Menurutnya, kartu nikah berisi tentang informasi pernikahan yang bersangkutan seperti nama, nomor akta nikah, nomor perforasi buku nikah, tempat dan tanggal nikah. Di dalam kartu nikah tersebut, akan ada kode QR yang terhubung dengan aplikasi Simkah (Sistem Informasi Manajemen Nikah).
“Kartu nikah dilatarbelakangi oleh inovasi karena era digital, lalu buku nikah marak pemalsuan maka Simkah Web ini digunakan untuk meminimalisasi pemalsuan buku nikah. Lalu kartu nikah ini bersinergi dengan data-data kependudukan antara lain nama, alamat dan dll,” ucapnya.
Amin menjelaskan alasan penerbitan kartu nikah. Salah satunya semakin menjamurnya hotel syariah yang mensyaratkan adanya bukti nikah untuk pasangan yang hendak menginap.
"Perkembangan hotel syariah di negara kita berkembang maju ketika seorang tamu hotel syariah pasti diminta kependudukannya, ada enggak yang bawa buku nikah? Pasti enggak karena itu kartu nikah sangat praktis bisa di bawa kemana-mana seperti KTP,” ucapnya.

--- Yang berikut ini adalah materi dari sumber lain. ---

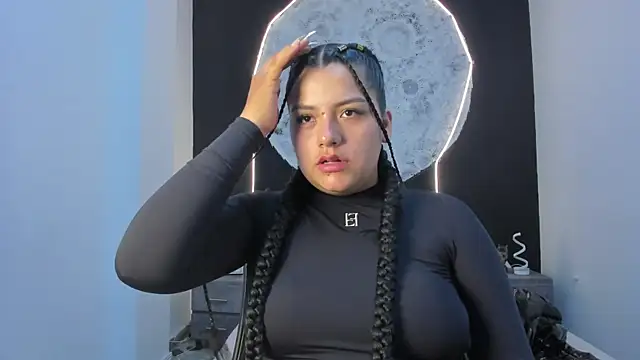 Snapshot of ScarletMoon1_ chatting on October 2025 08:32:01 PM ScarletMoon1  online show from October 2025 08:32:01 PM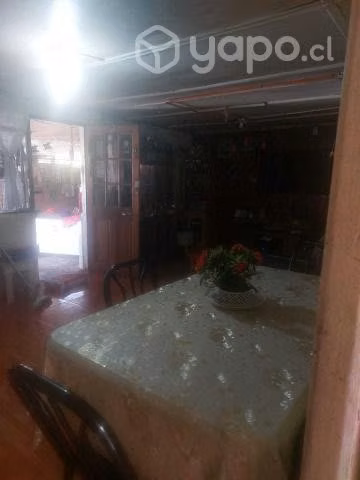 Se vende casa en La Florida, al lado del Metro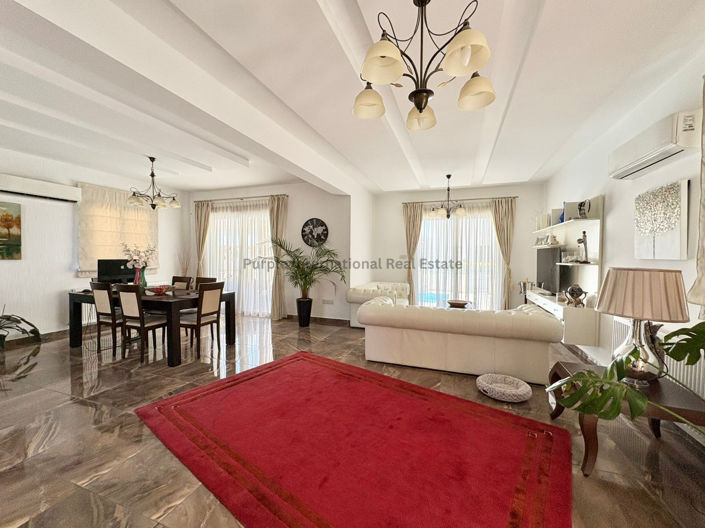 Image No.6-3 Bed Villa for sale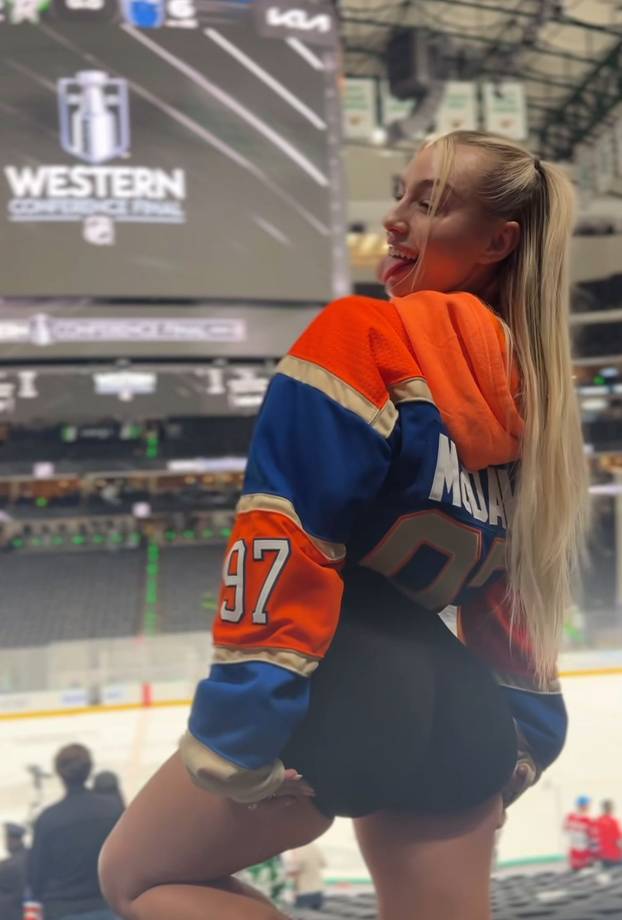 FOTO 'Toliko sam lijepa da ne mogu otići na utakmicu, svi gledaju u mene, a ne hokej'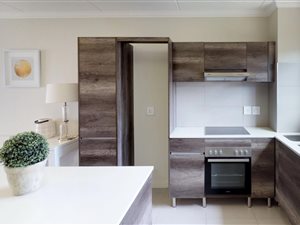 2 Bedroom Apartment in Carlswald North Estate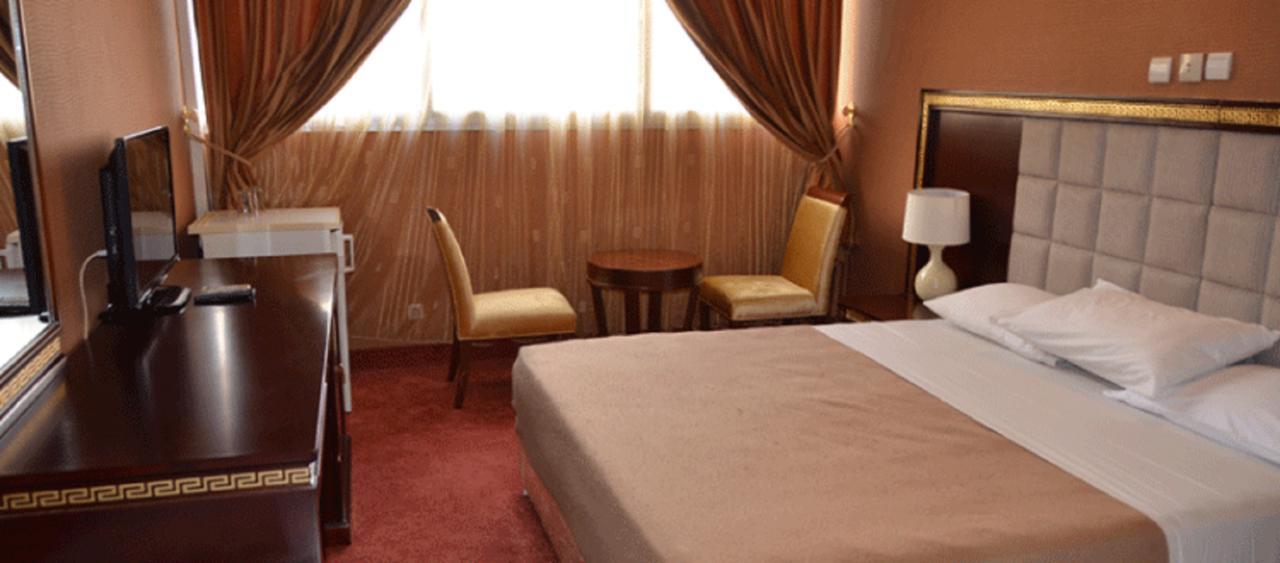 Hotel Palm Beach 瓦加杜古 外观 照片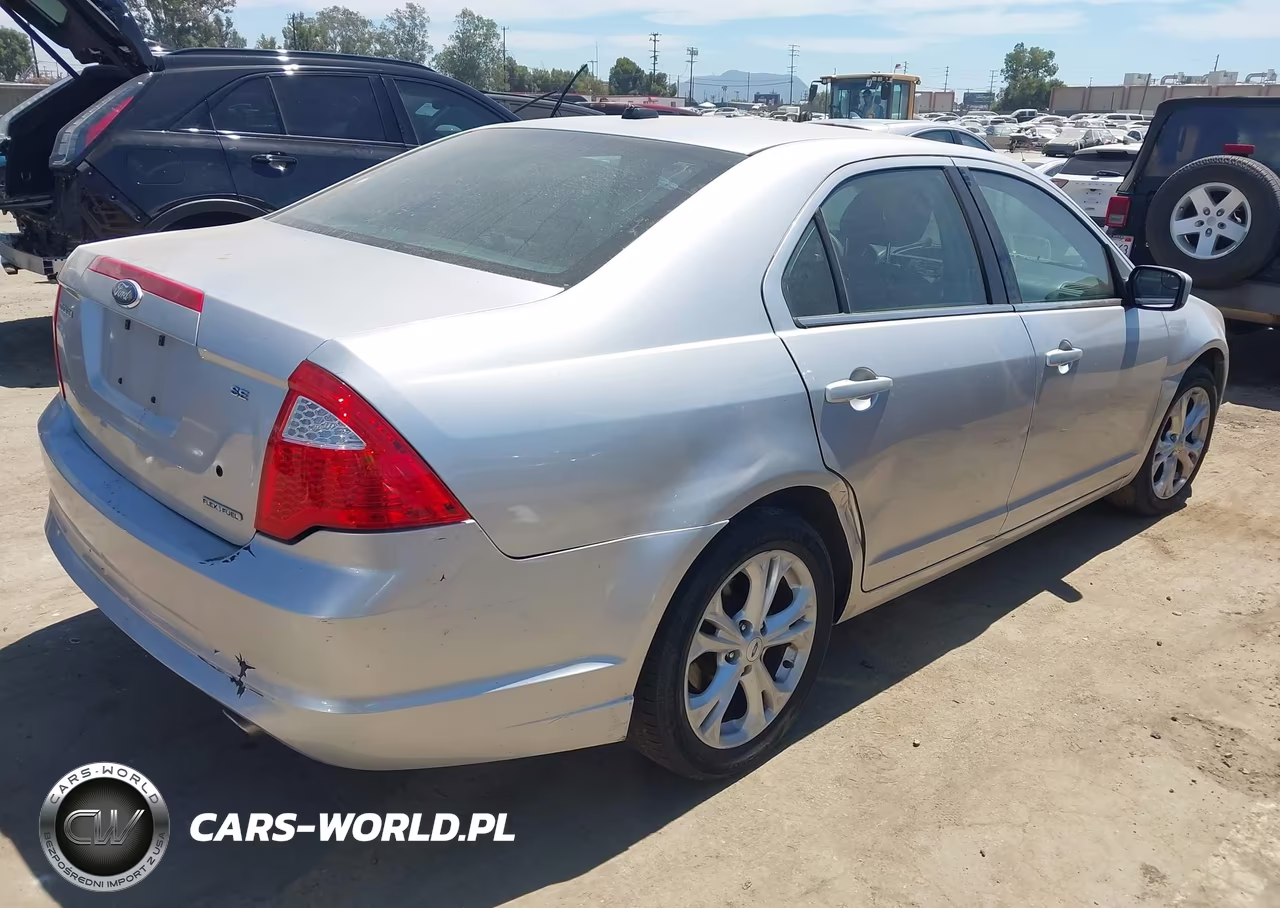2012 Ford Fusion Se VIN:3FAHP0HG8CR144521 - 4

Amin juga menjelaskan, Simkah Web merupakan pengembangan dari aplikasi Simkah generasi pertama yang berbasis desktop. Aplikasi ini dirancang untuk mempermudah pengelolaan administrasi nikah dan rujuk pada KUA dengan dukungan validitas data yang terintegrasi dengan data Kependudukan dan Catatan Sipil.
Aplikasi yang telah diluncurkan oleh Menteri Agama pada 8 November 2018 merupakan tindaklanjut dari Nota Kesepahaman antara Menteri Agama dan Menteri Dalam Negeri Nomor: 470/5711/SJ dan Nomor 20 tahun 2015 Tentang Kerjasama Pemanfaatan Nomor Induk Kependudukan, Data Kependudukan Dan Ktp Elektronik Dalam Lingkup Kementerian Agama.